Aussi des barreaux se sont-ils organisés pour assurer une défense de qualité et professionnelle qui prend en compte les fragilités et l'aspect humain, ce qui est essentiel dans la prise en charge des mineurs, que ce soit au pénal ou en assistance éducative.
Au sein du barreau de Lille, le premier contact intervient souvent en lien avec une procédure pénale, l'avocat étant alors obligatoire. Suite à une permanence où l'avocat a rencontré un mineur poursuivi au pénal qui n'est pas connu et pour lequel la famille ou le mineur lui-même n'a pas fait le choix d'un avocat, l'avocat signale son obligation de suivi dans le cadre de la commission d'office et devient alors l'avocat référent du mineur.
L'avocat référent du mineur au barreau de Lille suit la situation du mineur au titre de la procédure qui a conduit à cette assistance dans le cadre de la permanence mais également au titre de toutes les autres procédures, au pénal mais également au civil. La difficulté tient en ce que certains juges des enfants considèrent que si l'avocat est obligatoire au pénal, il ne l'est pas au civil. Peut-être estiment-ils que l'intervention de l'avocat n'est pas si pertinente, puisqu'elle n'est pas obligatoire. C'est oublier que le travail de l'avocat en assistance éducative ne se limite pas au jour de l'audience : il intervient avant et après l'audience, il réside dans le travail réalisé en amont d'explication, d'accompagnement, de préparation. C'est en amont que les choses les plus importantes se jouent parfois. Il est utile d'expliquer à l'enfant le rôle du juge des enfants, de le rassurer tout simplement.
Lorsque l'on arrive à une audience d'assistance éducative, il est utile de suggérer au juge des enfants, même si effectivement son agenda est très lourd, de rencontrer l'enfant qui souhaiterait évoquer certains points en tête-à-tête.

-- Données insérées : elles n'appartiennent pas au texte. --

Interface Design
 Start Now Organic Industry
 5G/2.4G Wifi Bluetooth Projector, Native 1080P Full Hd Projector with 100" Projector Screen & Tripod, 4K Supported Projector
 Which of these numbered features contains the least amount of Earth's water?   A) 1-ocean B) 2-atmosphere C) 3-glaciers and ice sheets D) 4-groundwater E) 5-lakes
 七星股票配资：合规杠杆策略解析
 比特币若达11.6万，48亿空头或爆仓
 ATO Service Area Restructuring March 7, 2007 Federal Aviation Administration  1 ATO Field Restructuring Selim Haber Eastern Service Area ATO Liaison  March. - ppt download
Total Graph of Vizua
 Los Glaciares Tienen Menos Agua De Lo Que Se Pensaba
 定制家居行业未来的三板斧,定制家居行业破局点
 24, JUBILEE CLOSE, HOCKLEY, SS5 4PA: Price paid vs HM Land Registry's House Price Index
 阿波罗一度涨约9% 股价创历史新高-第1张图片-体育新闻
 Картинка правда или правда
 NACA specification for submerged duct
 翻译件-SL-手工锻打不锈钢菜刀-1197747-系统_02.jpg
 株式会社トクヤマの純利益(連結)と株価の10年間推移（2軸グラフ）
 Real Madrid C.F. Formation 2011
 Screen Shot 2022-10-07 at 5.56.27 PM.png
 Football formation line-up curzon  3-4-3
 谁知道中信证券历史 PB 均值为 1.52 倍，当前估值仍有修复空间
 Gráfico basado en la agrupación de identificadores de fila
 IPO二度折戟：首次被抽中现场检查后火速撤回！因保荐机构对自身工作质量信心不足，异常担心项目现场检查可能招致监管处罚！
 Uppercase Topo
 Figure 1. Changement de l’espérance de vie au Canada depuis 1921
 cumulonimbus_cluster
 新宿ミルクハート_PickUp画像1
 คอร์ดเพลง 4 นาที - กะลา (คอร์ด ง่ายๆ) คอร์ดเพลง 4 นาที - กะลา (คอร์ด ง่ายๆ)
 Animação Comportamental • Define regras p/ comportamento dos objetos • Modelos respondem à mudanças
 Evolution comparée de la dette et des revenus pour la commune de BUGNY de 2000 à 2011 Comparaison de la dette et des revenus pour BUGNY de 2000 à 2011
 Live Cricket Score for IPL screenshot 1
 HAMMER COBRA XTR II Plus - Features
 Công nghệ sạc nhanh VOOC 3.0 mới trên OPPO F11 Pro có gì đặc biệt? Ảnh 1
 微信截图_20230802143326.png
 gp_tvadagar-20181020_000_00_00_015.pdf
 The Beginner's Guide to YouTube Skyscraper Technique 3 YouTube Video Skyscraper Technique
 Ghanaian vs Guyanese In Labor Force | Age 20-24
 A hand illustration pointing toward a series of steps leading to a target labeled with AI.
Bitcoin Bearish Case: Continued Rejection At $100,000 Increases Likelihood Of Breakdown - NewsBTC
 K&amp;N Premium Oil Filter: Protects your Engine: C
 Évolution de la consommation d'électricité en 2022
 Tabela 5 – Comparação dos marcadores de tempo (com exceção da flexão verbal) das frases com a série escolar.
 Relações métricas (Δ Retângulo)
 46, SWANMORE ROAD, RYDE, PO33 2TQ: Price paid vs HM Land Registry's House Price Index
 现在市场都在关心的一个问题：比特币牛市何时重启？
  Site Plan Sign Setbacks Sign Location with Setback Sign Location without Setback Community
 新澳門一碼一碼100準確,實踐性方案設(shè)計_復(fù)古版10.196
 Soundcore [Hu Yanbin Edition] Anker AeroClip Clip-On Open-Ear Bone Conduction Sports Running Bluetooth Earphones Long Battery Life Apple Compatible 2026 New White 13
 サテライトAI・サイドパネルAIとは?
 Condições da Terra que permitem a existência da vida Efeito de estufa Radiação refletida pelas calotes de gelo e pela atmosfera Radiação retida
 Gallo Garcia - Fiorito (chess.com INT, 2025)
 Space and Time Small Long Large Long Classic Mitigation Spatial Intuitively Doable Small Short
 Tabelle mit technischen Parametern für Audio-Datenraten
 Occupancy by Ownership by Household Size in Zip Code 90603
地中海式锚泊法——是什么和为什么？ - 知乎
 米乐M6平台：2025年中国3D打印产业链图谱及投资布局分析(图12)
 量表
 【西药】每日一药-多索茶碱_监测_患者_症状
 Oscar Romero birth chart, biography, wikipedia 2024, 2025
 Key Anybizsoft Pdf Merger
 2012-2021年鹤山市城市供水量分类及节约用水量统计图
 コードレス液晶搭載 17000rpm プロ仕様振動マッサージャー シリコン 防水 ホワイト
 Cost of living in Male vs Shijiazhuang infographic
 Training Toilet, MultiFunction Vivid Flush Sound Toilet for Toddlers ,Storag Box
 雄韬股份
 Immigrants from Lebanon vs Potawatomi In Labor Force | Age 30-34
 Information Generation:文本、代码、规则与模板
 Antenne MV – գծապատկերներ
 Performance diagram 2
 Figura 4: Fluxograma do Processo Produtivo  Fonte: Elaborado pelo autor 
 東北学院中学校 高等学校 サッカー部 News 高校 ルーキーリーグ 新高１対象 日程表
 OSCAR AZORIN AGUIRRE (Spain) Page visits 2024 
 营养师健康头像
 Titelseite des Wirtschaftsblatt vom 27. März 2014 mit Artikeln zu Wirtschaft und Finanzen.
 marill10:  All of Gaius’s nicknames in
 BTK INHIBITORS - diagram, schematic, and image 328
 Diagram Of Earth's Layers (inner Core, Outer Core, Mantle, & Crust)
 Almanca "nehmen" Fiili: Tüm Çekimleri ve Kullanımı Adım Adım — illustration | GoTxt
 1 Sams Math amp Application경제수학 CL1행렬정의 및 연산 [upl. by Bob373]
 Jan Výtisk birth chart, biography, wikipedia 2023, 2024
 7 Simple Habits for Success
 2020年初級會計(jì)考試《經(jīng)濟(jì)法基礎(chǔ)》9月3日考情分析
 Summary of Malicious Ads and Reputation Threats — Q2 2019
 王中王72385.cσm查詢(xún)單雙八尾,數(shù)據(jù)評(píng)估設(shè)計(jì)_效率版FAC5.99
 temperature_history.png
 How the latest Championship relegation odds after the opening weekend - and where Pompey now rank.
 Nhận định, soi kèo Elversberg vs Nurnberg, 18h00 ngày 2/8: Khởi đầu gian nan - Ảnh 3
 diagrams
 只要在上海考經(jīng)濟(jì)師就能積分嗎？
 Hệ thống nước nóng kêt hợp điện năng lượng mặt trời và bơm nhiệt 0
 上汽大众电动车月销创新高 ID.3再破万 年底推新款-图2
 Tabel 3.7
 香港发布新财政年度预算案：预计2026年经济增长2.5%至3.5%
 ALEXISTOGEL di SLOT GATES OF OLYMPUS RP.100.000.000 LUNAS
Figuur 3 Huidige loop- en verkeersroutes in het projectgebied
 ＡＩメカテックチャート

Parfois, les juges des enfants le font spontanément, parfois, ils n'y pensent pas ou estiment connaître la situation, mais les choses peuvent aussi évoluer pour l'enfant. On doit pouvoir signaler que tel enfant souhaite, même si l'audience est déjà passée, revoir le juge en cas de difficulté au foyer ou avec les parents. L'avocat peut être cet interlocuteur. C'est la raison pour laquelle notre présence, dans le cadre de l'assistance éducative, est d'autant plus pertinente, voire plus qu'au pénal, même si la loi a restreint l'obligation en matière pénale. Les avocats d'enfants souhaitent pouvoir intervenir au plus tôt dans la situation de ces enfants. La phase administrative de prévention est essentielle. Je pense que l'avocat d'enfants a toute sa place.
Certains barreaux mettent en place des partenariats ou des conventions pour travailler avec des acteurs institutionnels qui ne sont pas forcément judiciaires, avec la protection judiciaire de la jeunesse, mais aussi avec des associations habilitées. Dans le Nord, nous avons signé une convention avec la Sauvegarde du Nord. Nous travaillons sur un projet avec la prévention spécialisée. Nous allons peut-être aussi engager un travail important avec le conseil départemental pour intervenir, pourquoi pas avant même que la situation ne soit signalée, au niveau des centres sociaux ou scolaires, par exemple. Notre place ne se limite pas au niveau judiciaire.